───── Provided material ─────

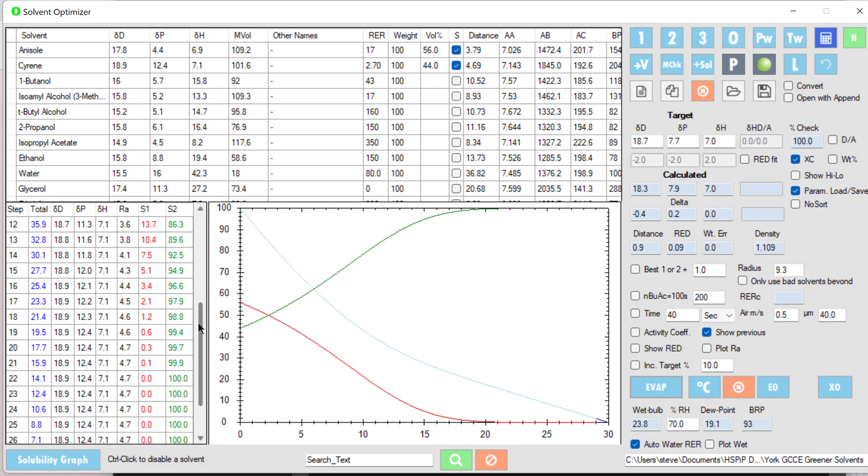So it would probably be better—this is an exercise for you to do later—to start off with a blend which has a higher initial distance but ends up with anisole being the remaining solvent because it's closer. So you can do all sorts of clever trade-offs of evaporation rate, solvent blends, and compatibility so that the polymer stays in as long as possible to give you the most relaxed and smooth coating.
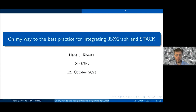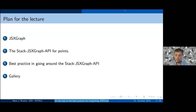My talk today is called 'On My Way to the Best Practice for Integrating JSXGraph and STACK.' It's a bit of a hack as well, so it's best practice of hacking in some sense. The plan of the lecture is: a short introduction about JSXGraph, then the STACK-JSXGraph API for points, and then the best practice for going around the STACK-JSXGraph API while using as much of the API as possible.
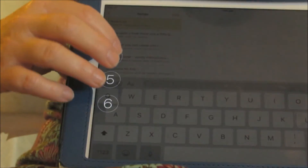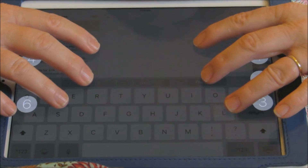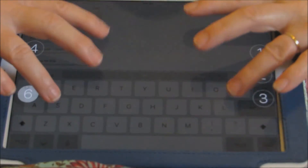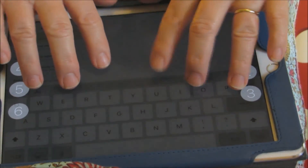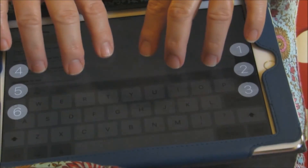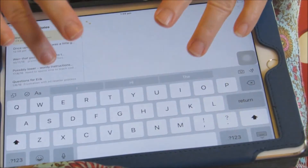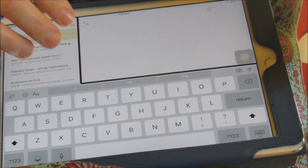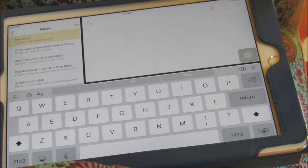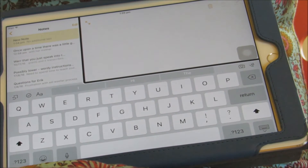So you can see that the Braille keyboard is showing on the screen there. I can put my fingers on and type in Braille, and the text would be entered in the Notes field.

─────

What this task involves:
The reply should contain every line of the material exactly, and no images.

Completed task:
So it would probably be better—this is an exercise for you to do later—to start off with a blend which has a higher initial distance but ends up with anisole being the remaining solvent because it's closer. So you can do all sorts of clever trade-offs of evaporation rate, solvent blends, and compatibility so that the polymer stays in as long as possible to give you the most relaxed and smooth coating.
My talk today is called 'On My Way to the Best Practice for Integrating JSXGraph and STACK.' It's a bit of a hack as well, so it's best practice of hacking in some sense. The plan of the lecture is: a short introduction about JSXGraph, then the STACK-JSXGraph API for points, and then the best practice for going around the STACK-JSXGraph API while using as much of the API as possible.
So you can see that the Braille keyboard is showing on the screen there. I can put my fingers on and type in Braille, and the text would be entered in the Notes field.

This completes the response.